Ratzinger the man in some way captured the story of the last century in his own person—a deserter from the Hitler-Jugend who became one of the leading theologians of the liberal European alliance at the Council. He acted as Karl Rahner’s right-hand man, and expert advisor to the architect of the liberal German alliance, Cardinal Frings; later he became, in the eyes of his critics, “God’s Rottweiler,” for insisting on traditional points of Catholic teaching. 

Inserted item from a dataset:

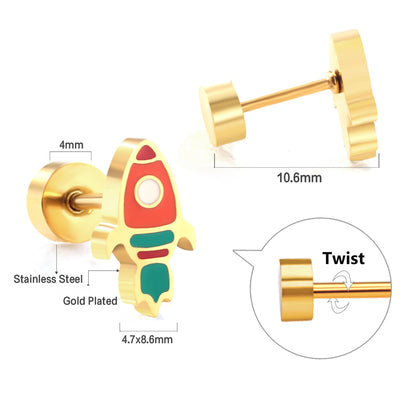 Bulk Rocket Stud Earrings Retro Futurism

While the death of Pope Benedict XVI may not quite mark the end of the long 20th century—authorities are still hunting down nonagenarian Nazi collaborators, after all—it certainly marks the end of the Second Vatican Council. While some Council Fathers still remain among the quick, Benedict, ne Josef Ratzinger, was the last prominent agonist of the Church’s great “renewal,” the liberal who had second thoughts.

Ratzinger recoiled from the horrors of the Second World War and then, in turn, from the revolutionary liberalism that followed in its wake. Following the student protests of 1968, and the accompanying radicalization of the Church’s liberal faction, he came to regard the Council’s agiornamento with mixed feelings. Non-theologians will remember what Ratzinger synthesized in response as his characteristic theory, the hermeneutic of continuity: The true interpretation of the Council is that, rather than breaking with what came before, it developed earlier iterations of Catholic doctrine, and the Council’s documents can be read only by the light of orthodoxy.

Benedict thus gave a framework and a name to the conservative middle path of the papacy of St. John Paul II, as well as of his own tenure. Together, their rule spanned 45 years. For his part, Benedict attempted to emphasize organic and harmonious development; under John Paul, those who preferred the traditional Mass were not handled over-kindly, as the use of the old liturgy was left largely to the regulation of bishops, most of whom were not encouraging at best. Benedict made an effort to move the synthesis—broadly, a conservative moral theology with a modern, welcoming face—to accommodate the traditionalist criticisms of the post-conciliar era.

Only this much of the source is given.